Most of us know that it takes a village to raise a family. What we learned in creating the Tartan 245 is that the village has a lot of great ideas about what makes sailing great. Our design team took those ideas and molded them into one very special boat. 

The new Tartan 245 is not what Tim Jackett, Tartan’s designer, had in mind when he set about designing the newest Tartan. We were looking larger, deckhouse, center cockpit, multiple cabin, that sort of direction after the successful launch of the Tartan 345 and 395 and design of the newest 365. But when the opportunity to build a fleet of boats for learning to sail, for club racing, for training, for experiential adventure, for exceptional multi-use and even adaptive sailing his design brain started clicking.

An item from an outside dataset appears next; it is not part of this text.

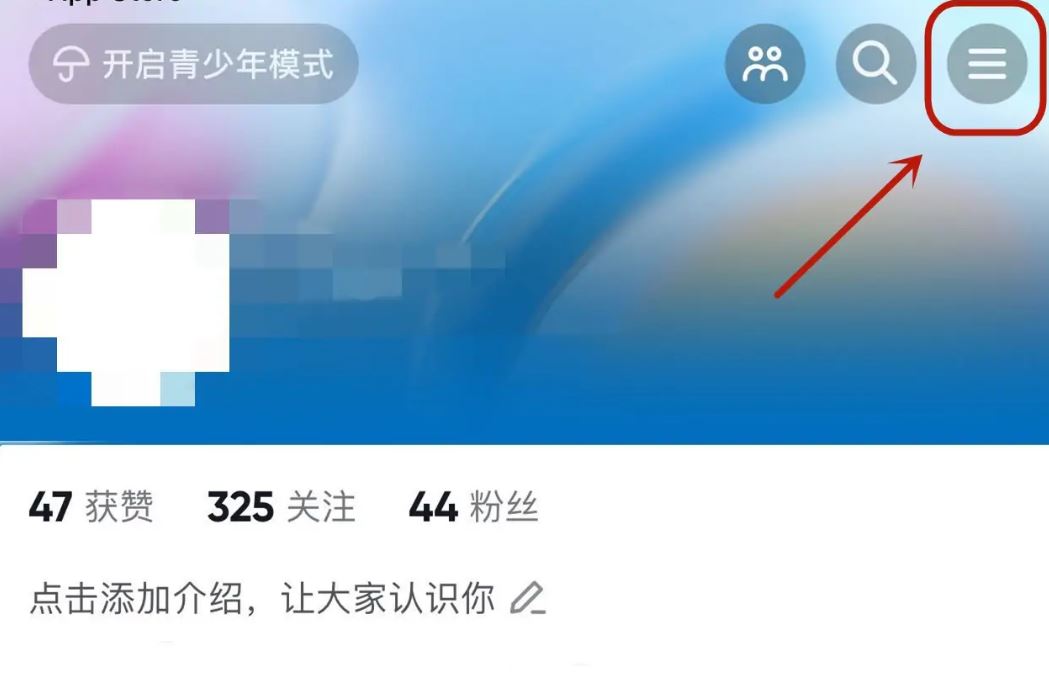 抖音月付怎么分期還款？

The Judd Goldman Center for Adaptive sailing got the ball rolling by looking for a builder to build an existing boat, but it was Cai Svendsen, with whom we’ve worked before, who reached out and asked about a boat that fit very well into the design parameters that were spinning through Jackett’s mind. Svendsen put his thoughts in front of the designer and the rest will be history.

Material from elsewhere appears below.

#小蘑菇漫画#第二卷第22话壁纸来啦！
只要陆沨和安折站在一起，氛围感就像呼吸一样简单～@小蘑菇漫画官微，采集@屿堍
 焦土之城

Keep it simple. Keep it safe. Keep it fun. Keep performance in the mix but not at the expense of simplicity and safety. Keep it real. Although there may be no such thing as the perfect daysailer, that’s not our decision to make, we have done what we can to push that envelope to a place we believe daysailers belong.

S I Z E 

The Tartan 245 sails on nearly the same waterline as the beautiful Tartan Fantail 26. With the transom flipped and left open the 245 is self-bailing and needs no thru hulls to drain the cockpit. With a 3,000-pound displacement you need a vehicle only slightly larger than a Mini-Clubman to move the 245 on down the road. On a single-axle trailer or yard trailer, moving her around by hand at the club or sailing center boat park is short work. Size in the rig is also important and the 245’s deck-stepped, carbon-fiber mast has a hinge at the base for stepping by minimum crew. The Tartan 245 is the perfect size for safe, stable sailing, being able to make haste in a growing breeze while standing firm when the whitecaps are flying.